Scoring streaks have long fascinated sports professionals and researchers, yet they are not close to consensus on the right way to think about the issue
All basketball fans know about the hot hand: pass to a teammate on a scoring streak since her or his chances of making the next basket are higher than usual. This venerated principle was discredited in 1985 by Thomas Gilovich, Robert Vallone, and Amos Tversky. Their statistical study of field goal data from the Philadelphia 76ers, free throw data from the Boston Celtics, and a controlled 100-shot-per-player experiment on Cornell University varsity and junior varsity basketball players seemed to prove that such scoring streaks are not out of the ordinary. Although fans think that their players have hot hands, the streaks can be explained by mere chance.
This game-changing news received a lukewarm reception from professional sports. Red Auerbach, president of the Boston Celtics when the hot-hand study was released, famously gave his views on Tversky: ‘‘Who is this guy? So, he makes a study. I couldn’t care less.’’
Academics, however, seemed to be fascinated by the finding. The 1985 study launched an avalanche of scholarly literature, and the hot-hand question has propelled investigations about the conflict between the instincts of professionals and the cold hard facts of science. In his bestselling book The Undoing Project, Michael Lewis tells the story of Amos Tversky and his lifelong collaborator, Nobel laureate Daniel Kahneman. Their research prompted the study of behavioral economics and has transformed our understanding of the flaws in human decision-making. Lewis writes, ‘‘Tversky had the clear idea of how people misperceived randomness… People had incredible ability to see meaning in these patterns where none existed.’’
Early in their careers, Amos Tversky and Daniel Kahneman considered the human tendency to draw conclusions based on a few observations, which they called the ‘‘law of small numbers’’. This is a playful allusion to the law of large numbers, which provides guidance about when accurate inference can be drawn from a large data set. There is no general rule about how to draw inference from a small data set, and it can be difficult to notice that there is a problem.

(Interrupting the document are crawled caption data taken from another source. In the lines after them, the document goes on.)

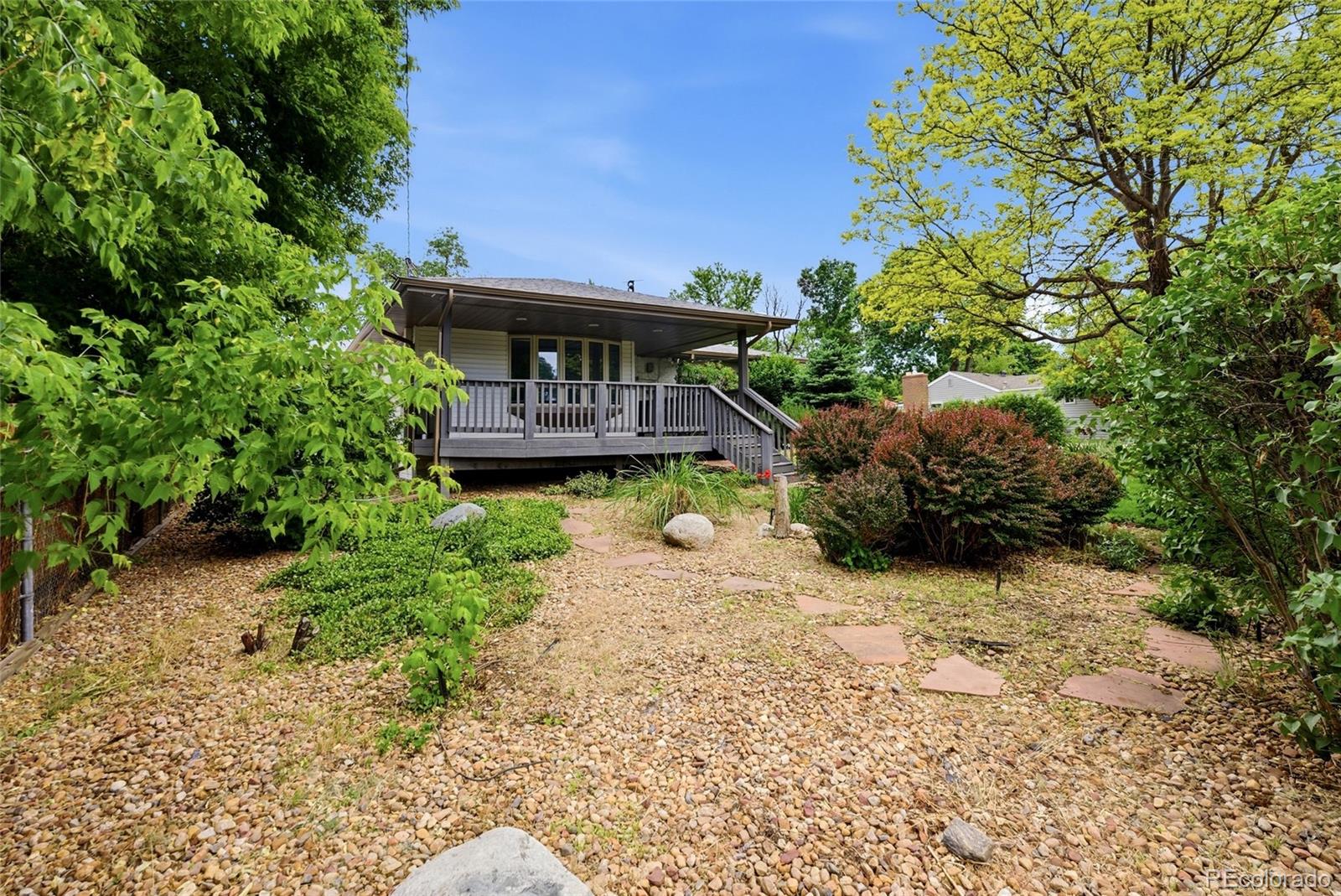 MLS Image #48 for 3195 s franklin street,englewood, Colorado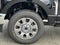 2027 Ford Super Duty F-250 SRW King Ranch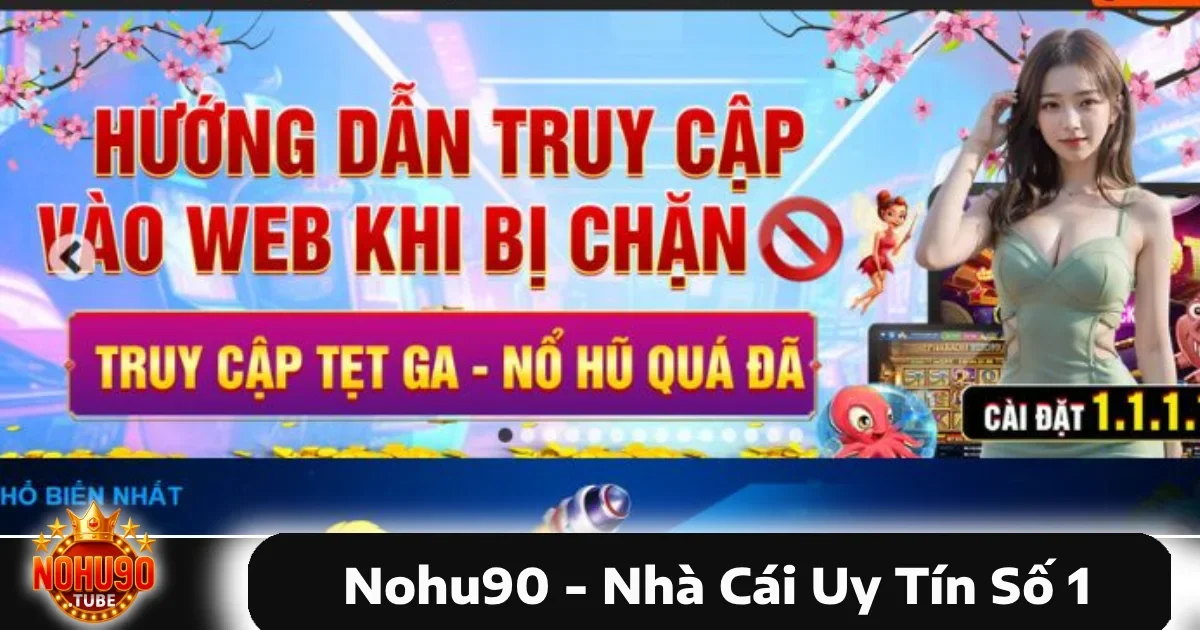 Nohu90 32 Nohu90 là một trong những nền tảng cá cược được đánh giá cao về độ uy tín. Nhà cái chúng tôi hoạt động dưới sự cấp phép của tổ chức quốc tế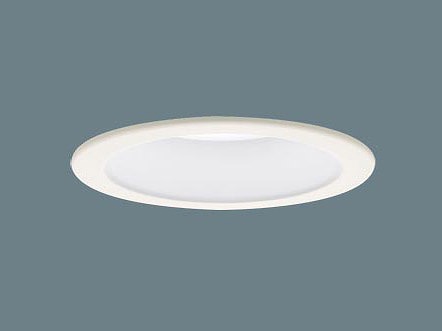 XSLD103NSCB1 pi\jbN _ECg zCg 100 LED F  gU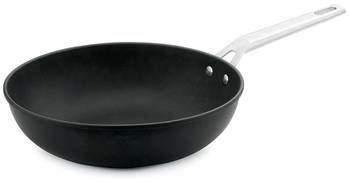 Wok-Pfanne Aire Induction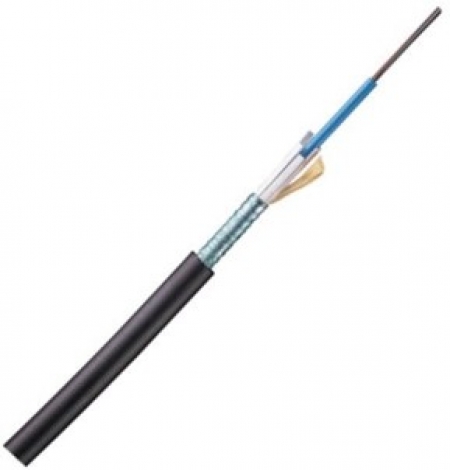 Aginode LANmark-OF sm fiber optic cables 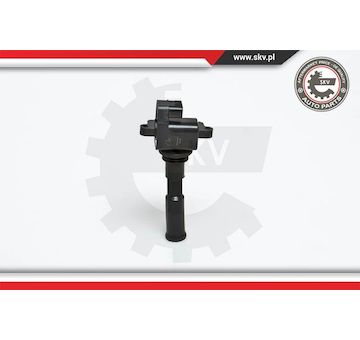 Zapalovací cívka ESEN SKV 03SKV030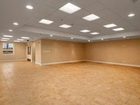 фото отеля Howard Johnson Express Inn Blackwood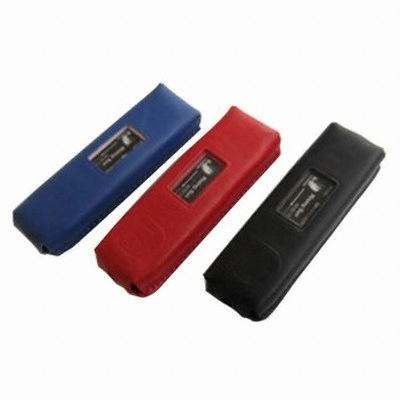 AM���� �Ｚ YP-U5 ���� �������̽�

A Basic Statistical Formulation of a Hot Hand
There are many ways to represent the notion of ‘‘hot hand’’ in a statistical experiment. In this study as in the original study, a hot hand is an abnormally high probability of making a shot, given a string of hits.
This formulation neglects some of the details of the game. Some shots are harder to make than others, and defensive maneuvers by the opposition may put a high-performing player in a disadvantageous spot. Still, it is interesting to look at the results of this simple experiment before attempting to add realism.
There are also many ways that one might define the term ‘‘abnormally high.’’ Again we follow the original hot-hand study, which relied on a difference of conditional probabilities: the probability of making a shot given a string of hits minus the probability of making a shot given an equally long string of misses. If the observed difference is large relative to the typical difference corresponding to a random string of the same length and the same number of hits, the observation corresponds to a hot hand.
A ‘‘Law of Small Numbers’’ Error in the Original Hot-Hand Study, and a Correction
In 2015, statisticians Josh Miller and Adam Sanjurjo documented an error in the original hot-hand study. The error concerns the law of small numbers. To understand the mistake, consider Klay Thompson’s shooting record in the December 23, 2016, game against the Detroit Pistons. The record is represented by a string of 1’s (hits) and 0’s (misses):
Thompson took 16 shots in this game, and as it happened, he made exactly half of them. We can look at our statistical formulation of the hot hand on this string. First, we compute the empirical probability of a hit, given two previous hits. There are four instances of two hits in a row, indicated by the string 11. We know what happened after the first three instances: Thompson hit the first time and missed the second and third times. But nothing happened after the fourth instance of 11 because the game ended before he could take another shot.We call the final 11 an unrealized conditioning set, and it complicates the estimation of the conditional probabilities used in hot-hand studies.
Perhaps the best we can say is that in the game under consideration, we observed Thompson scoring one-third of the time following two hits in a row. In the other direction, given that Thompson missed twice in a row, he scored twofifths of the time. The second calculation is more straightforward because there is no unrealized conditioning set. The difference of the two conditional probabilities is 1/3 – 2/5 = -1/15.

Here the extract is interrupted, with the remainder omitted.